Silenciation, c°2018-111


Depuis 2018, la circulaire n°2018-111 oblige les établissements scolaires à fournir une éducation à la sexualité, dès l’école primaire.

Je suis à Notre-Dame “Les Oiseaux” depuis mes six ans, soit depuis 2010.


Je me pose la question suivante: est-ce que l’établissement accorde suffisamment de place à l’éducation sexuelle et affective ou ne la néglige-t-elle pas ?

Les réseaux sociaux prennent de plus en plus de place dans nos vies, et avec, les relations virtuelles connaissent une expansion importante. L’accès à Internet est beaucoup plus facile, la pornographie devient une norme dans les relations.

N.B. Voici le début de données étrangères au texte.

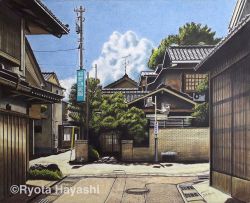 Rule 34 | building, cloud, day, hayashi ryouta, house, no humans, original, outdoors, power lines, road, scenery, sky, tree, twitter username, utility pole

L’établissement doit nous transmettre d’autres schémas que ceux auxquels nous avons accès, celui du porno . Une femme soumise, un homme dominant et pas de consentement. Le problème, ce n’est pas le porno en soi. C’est l’isolement des jeunes face à cette industrie qui reproduit les codes sociétaux.


Quand j’apprends qu’un élève de cinquième fait circuler des images pornographiques dans sa classe, je m’interroge. Pourquoi fait-il ça ? En a-t-il parlé avec ses parents ? Ses parents sont-ils ouverts à la discussion ? Il peut être difficile d’aborder le sujet mais c’est pourtant indispensable.

Qui répond à ses questions ?


On peut comprendre que l’information ne lui a pas été donnée, et la pornographie a été la seule solution pour répondre à des doutes ou des questions.

Pas sûre que ce soit le meilleur moyen pour un garçon de 12 ans d’aborder la sexualité sainement. Que fait-on face à ces questions qui se multiplient ?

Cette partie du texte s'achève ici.